Dan Croll - Grand Plan Vinyl LP 2020
Yesterday
Stay in L.A.
Rain
Actor With A Loaded Gun
Grand Plan
Work
So Dark
Honeymoon
Hit Your Limit
Coldblooded
Surreal
Together
Two years ago, the Liverpool-reared singer-songwriter had reached rock’s “stupid club” age (27) and found himself at a crossroads. This graduate of the Macca-founded Liverpool Institute of the Performing Arts had released two albums – Sweet Disarray (2014) on a major, Emerging Adulthood (2017) on Communion (launchpad for Michael Kiwanuka, Catfish and The Bottlemen and Bear’s Den) – and had enjoyed solid success. And yet, and yet…
There was good radio support, a couple of banging syncs (Compliment Your Soul made it onto FIFA 14, From Nowhere was on Grand Theft Auto V), a busy international gigging schedule. “Suddenly I was making a living from music.” But almost without noticing, “I’d gone into the pop world, making very produced, layered tracks, all clocking in at three-minute-30 on the dot… I was a little bit burnt out. It felt like it wasn’t really me.
So time for action. Decisively, impulsively, Dan Croll bought a one-way ticket to Los Angeles. It was far away, it was sunny, and it was the source of so many of the classic records he loved. He only knew one person there, a musician/podcaster called Danny who’d once interviewed him and said that if he ever fancied coming to LA…. This new album tells the chronological story of Dan's move to LA, finding his feet.
Starting in February 2018, over the next 12 months Croll turned his experiences into 20-odd songs, eventually whittling them down to a solid dozen chapters. Then, in spring 2019, he spent a month with the estimable Matthew E. White in Virginia. Every day the artist, the producer and his crack local players would meet at midday, have lunch and a laugh, then get to it, bringing to life Dan Croll’s songs in the inimitable Spacebomb country-psych-soul style.

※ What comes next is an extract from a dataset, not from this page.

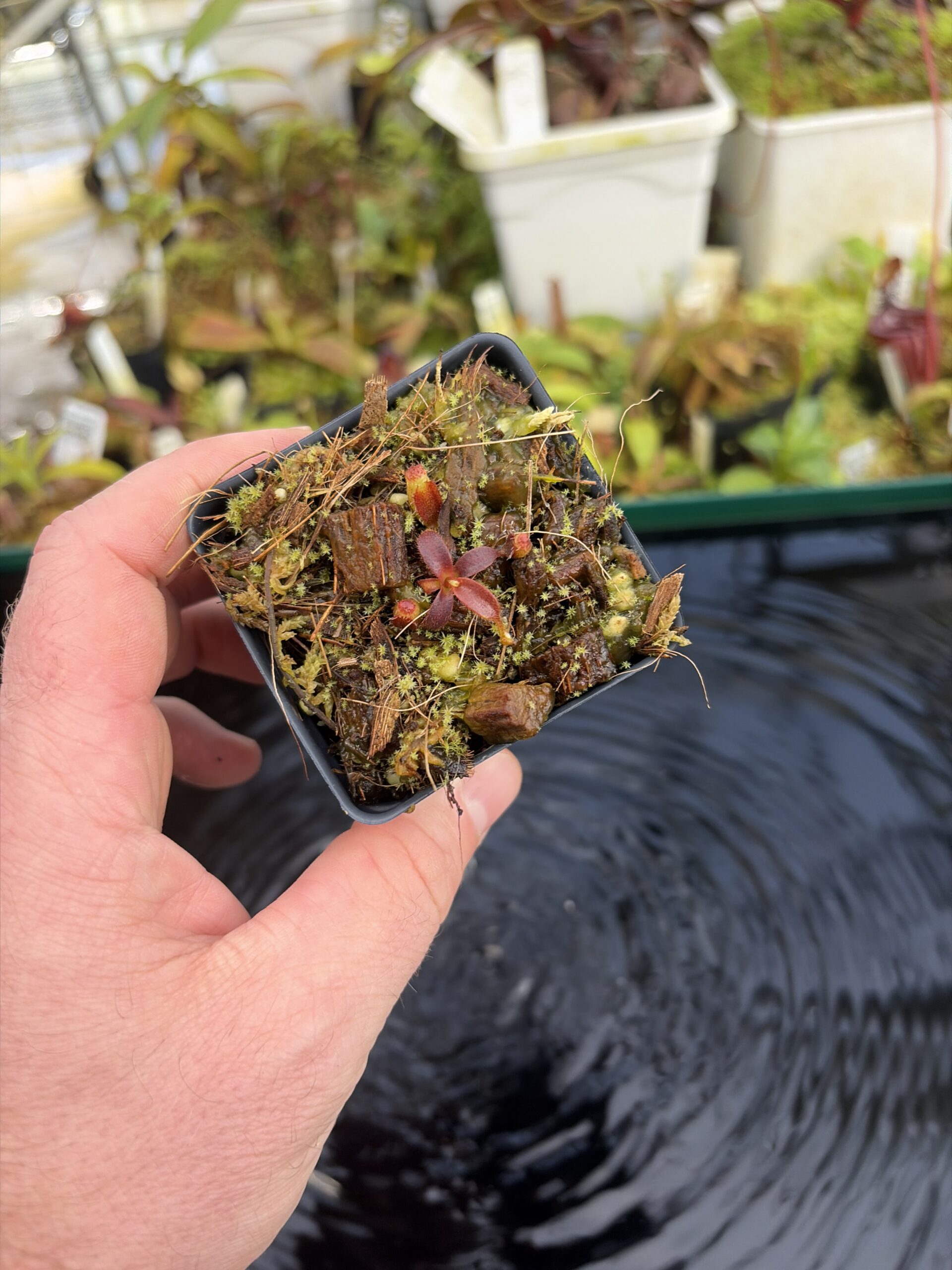 Wide Angle of Nepenthes mollis (Hort.) | Assorted Clones | Jeremiah Harris | JH-497 | H27416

With his previous 2 albums he’d needed a full band to perform live his multi-layered indie-pop compositions but for album 3, Dan felt it was time to reconnect with his inner singer-songwriter and with the music that first inspired him - James Taylor, Joni Mitchell, Burt Bacharach and more.

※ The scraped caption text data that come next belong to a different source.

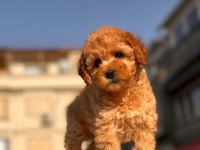 Red Toy Poodle Yavrular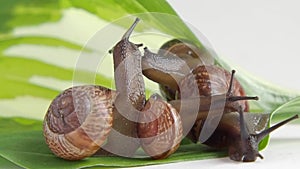land snails on the plant, close-up
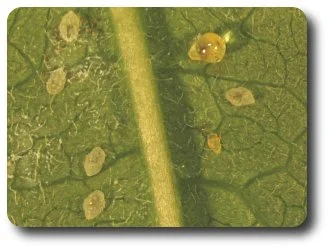 The large droplet of honeydews sits atop a whitefly nymph.
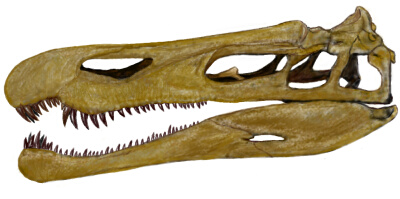 Suchomimus-Skull.jpg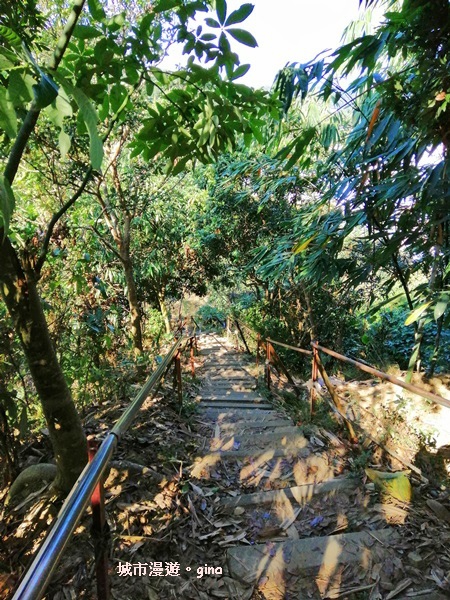 IMG_20190106_133248.jpg IMG_20190106_133248.jpg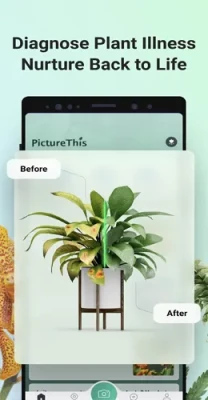 picturethis plant identifier mod apk 4 208x400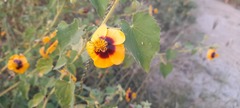 Abutilon
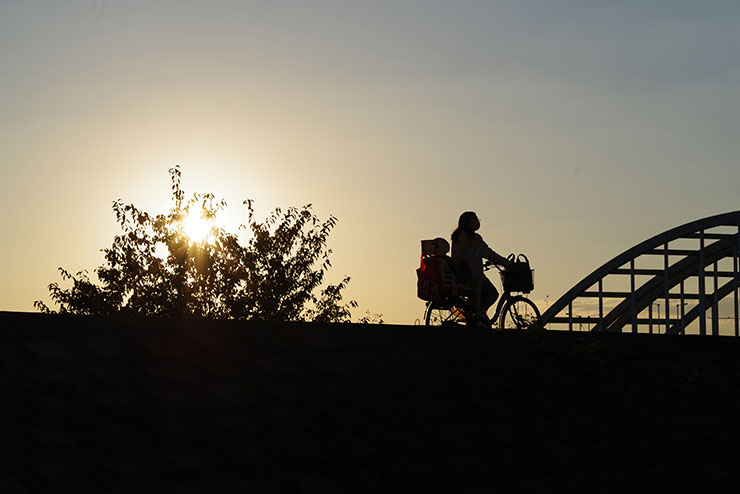 PENTAX K-1 MarkⅡ・HD PENTAX-D FA MACRO 100mm F2.8ED AWで撮影した夕方の土手の画像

Each song tells a story, in narrative order. To pinch a title from one of those great albums he loves, think of this as his greetings from LA. To also pinch the title of a great LA/Hollywood memoir, think of these as postcards from the edge.

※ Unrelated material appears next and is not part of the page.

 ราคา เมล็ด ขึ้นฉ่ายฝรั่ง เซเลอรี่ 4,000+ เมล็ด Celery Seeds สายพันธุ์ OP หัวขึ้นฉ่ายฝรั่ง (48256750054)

So this is Dan Croll’s bold and brilliant, evocative and inventive third album. A record he had to make, a diary of something he hoped would be a new beginning (but that could equally have been a dead end). A dozen songs he knew he wanted to sound stripped back but, at the same time, feel rich and evocative. A lovingly recorded and produced project offering a modern take on older sounds. A third album that, finally, felt like him.